Is the best move always the 'perfect' move?
I will try to argue here that the "perfect" move is not always the "best" move. To make this case, I will first have to articulate the relevant distinctions and provide examples. These examples will serve as counter-examples and, so, as anomalies to the traditional theories and strategies on chess that presuppose that the perfect move is always the best move.
These thoughts can be considered as a response to the suggestion attributed to Steinitz that links the idea of perfect play as crucial to chess strategy. For more on this, see Kurt Godden's most recent blog on the subject and the ensuing comments below it.
The Perfect Play Conjecture is the idea that, if both sides play perfectly (from the beginning), then the outcome of a game will be a draw. In any given chess position, the game would be a forced win for one side or a forced draw. So even though Rybka might say (0.49) advantage for white, or a chess GM in a book might say "slight edge for white", the fact is that any and every chess position is actually either a forced win or a forced draw (even though, given our limited knowledge, we don't usually know which).

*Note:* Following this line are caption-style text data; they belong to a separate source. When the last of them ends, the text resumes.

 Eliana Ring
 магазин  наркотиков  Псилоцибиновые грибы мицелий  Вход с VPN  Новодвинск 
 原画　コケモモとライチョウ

The 'perfect' move is the one consistent with attaining the forced win (or draw).
What I am interested in here is the idea that chess theory and strategy have traditionally been geared towards this conception of perfect play with the unstated assumption that the best move for a human to make in any given position is the "perfect" move. But what if that's wrong? What if, sometimes at least, the best move is not the 'perfect' move? If the best move to make, at least sometimes, is not the 'perfect' move, and if a given chess theory and strategy always recommends (and is designed to endorse) only the 'perfect' move, then those theories and strategies must necessarily be inadequate to the extent to which they fail to endorse the best move on those occasions where the best move is not the perfect one.

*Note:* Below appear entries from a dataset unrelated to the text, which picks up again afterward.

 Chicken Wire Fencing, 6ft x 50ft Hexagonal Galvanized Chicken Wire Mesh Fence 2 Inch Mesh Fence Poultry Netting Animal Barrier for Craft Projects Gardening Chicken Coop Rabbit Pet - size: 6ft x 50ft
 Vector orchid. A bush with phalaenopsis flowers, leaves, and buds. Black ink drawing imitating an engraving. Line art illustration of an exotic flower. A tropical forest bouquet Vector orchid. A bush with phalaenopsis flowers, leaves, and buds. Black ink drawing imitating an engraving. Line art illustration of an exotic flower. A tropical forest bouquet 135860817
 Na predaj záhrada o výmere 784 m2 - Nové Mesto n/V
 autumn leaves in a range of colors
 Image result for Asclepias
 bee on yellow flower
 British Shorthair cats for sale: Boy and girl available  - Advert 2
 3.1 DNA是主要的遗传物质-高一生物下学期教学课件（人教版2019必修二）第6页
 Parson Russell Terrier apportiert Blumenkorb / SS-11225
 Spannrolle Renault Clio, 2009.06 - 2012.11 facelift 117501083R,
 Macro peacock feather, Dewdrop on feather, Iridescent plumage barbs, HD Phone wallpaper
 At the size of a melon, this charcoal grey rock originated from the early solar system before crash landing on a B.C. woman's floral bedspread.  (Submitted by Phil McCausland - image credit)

Let me provide examples of anomalies to perfect play that fall into four categories:
- Time-management
- Stylistic issues
- Playing against a computer
- Psychology and simplification
TIME-MANAGEMENT
If White has a significant time advantage over Black and has a choice to make the 'perfect' move that trades down material and leads to a draw or an imperfect move that maintains the action and forces Black to spend a lot more time thinking for the rest of the game, then the best move could be one that prolongs the game, prolongs the tension, prolongs Black's confusion, and helps white win on time or helps provoke Black to blunder based on his time pressure. In those situations, the best move can sometimes be an imperfect move. In fact, if playing perfectly leads to a draw, and you want to win, and have earned a significant time advantage, it would obviously be silly for you to throw away the game by playing moves that quickly lead to a draw when all you have to do is prolong the game to win on time (or win via the errors caused by your opponent playing rushed chess). In the specific context described above, the best move, at times, is not the perfect move.
STYLISTIC ISSUES
Suppose you know your opponent is an expert in the Petroff and you know that you are an expert in the Cochrane Gambit (Nxf7 vs the Petroff). Let's also suppose that the Cochrane gambit is not the 'perfect' play move (maybe it is, who knows, but for the sake of the example, it doesn't matter). Even if the Cochrane Gambit is not the perfect way to play, it might be the best move for you to make given your preferred style of play vs your opponent's style of play. Regardless of if you win or lose, you give yourself better fighting chances by playing in the style that suits you, especially if it also a style you know to be uncomfortable for your opponent. A similar point can be made when faced with a choice to keep a game open or closed. Players have strengths and weaknesses, and it is common sense good strategy to try to play into positions that maximize your strengths and minimize your weaknesses while maximizing the weaknesses and minimizing the strengths of your opponent. So in some of those kinds of situations, it is possible for the best move to be the imperfect move.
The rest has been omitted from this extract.